It's a tough job market out there, so whether you're after that promotion or simply want to maintain your standing as a valued staff member, it's more important than ever to demonstrate the skills that will make you a respected team member. Focus on these six skills to help earn you accolades at the office.
Even if your job isn't directly tied to using social media, knowing what's going on in this medium shows you're modern and savvy. Being an active user of social media could help inform you on your industry and keep you on top of the latest news and findings, which is always important no matter what field you're in.
Maintaining a clean and positive presence on social media is essential, especially if you're job-hunting. Human resources and recruiters regularly check out potential applicants on a variety of social media, so use these media to demonstrate your knowledge and healthy lifestyle.

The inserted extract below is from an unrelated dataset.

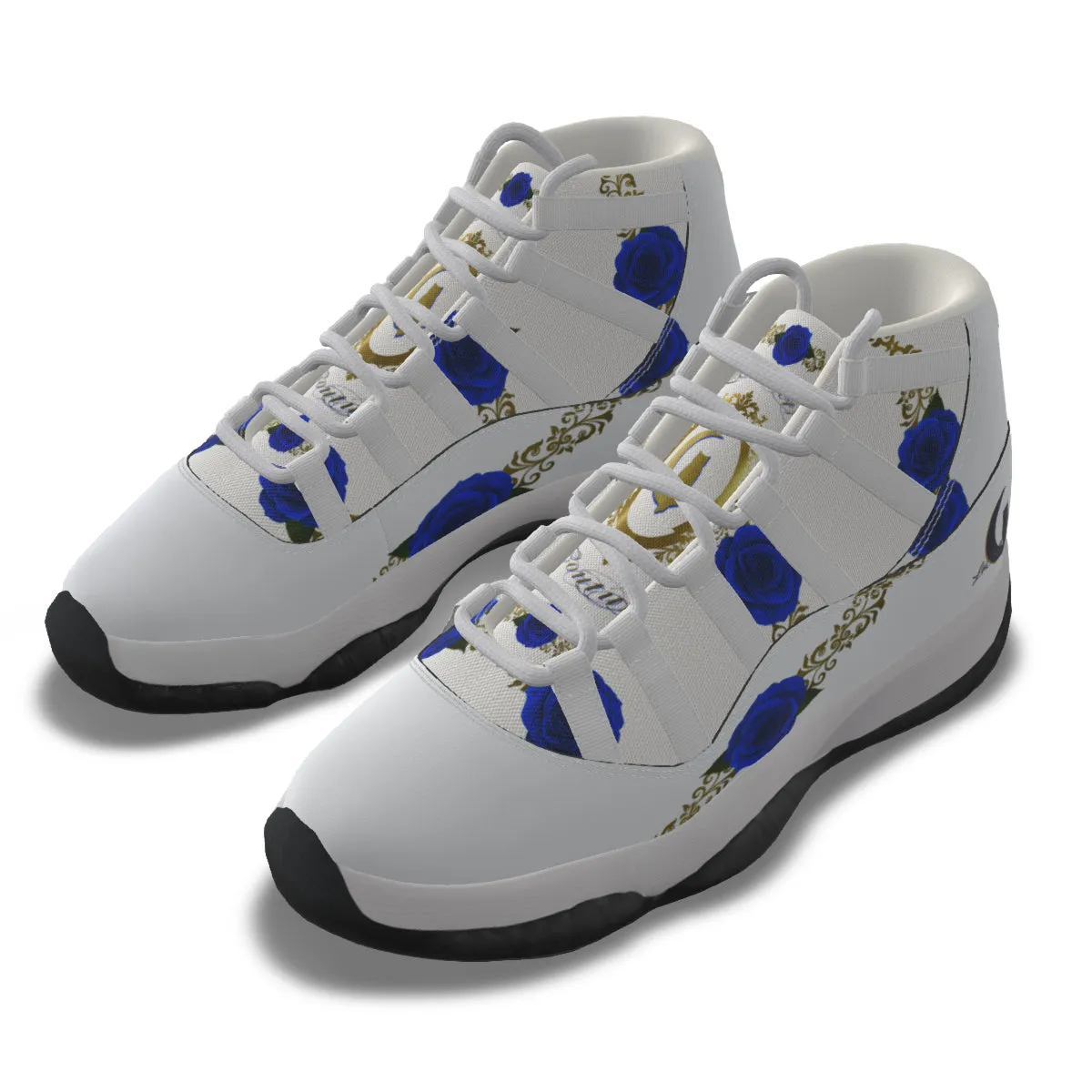 BLUE ROSES Men's High Top Basketball Shoes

In an effort to cut down on costs, companies often don't fill positions once someone has left the job. Keeping a positive attitude and being flexible (within reason) about responsibilities you might be tasked with as a result will put you in a better position than the employee who refuses to change a thing about their job.
With organizations opting to staff fewer people, you are more of an asset when you possess skills that aren't necessarily related to your job itself. Let's say, for example, you're particularly IT savvy or have a knack for graphic design even though your job is in logistics. You'll be seen in a new, positive light by having such "extra" skills. Also, show an eagerness to pursue continued learning so you're always improving upon your skill set.
Don't let the slang and casual tone you use in social media (not to mention poor grammar and typos) cause your writing skills to deteriorate. Clear communication and proper spelling and grammar are always called for in the workplace, so be sure to keep your writing skills sharp.
Social media has greatly eased the ability to interact with contacts in the industry, but the fact remains that face-to-face meetings and real-life contact is still a must. Interpersonal skills and the ability to make connections with people are essential. Join professional groups, attend conferences and trade shows, and practice the art of chit-chat.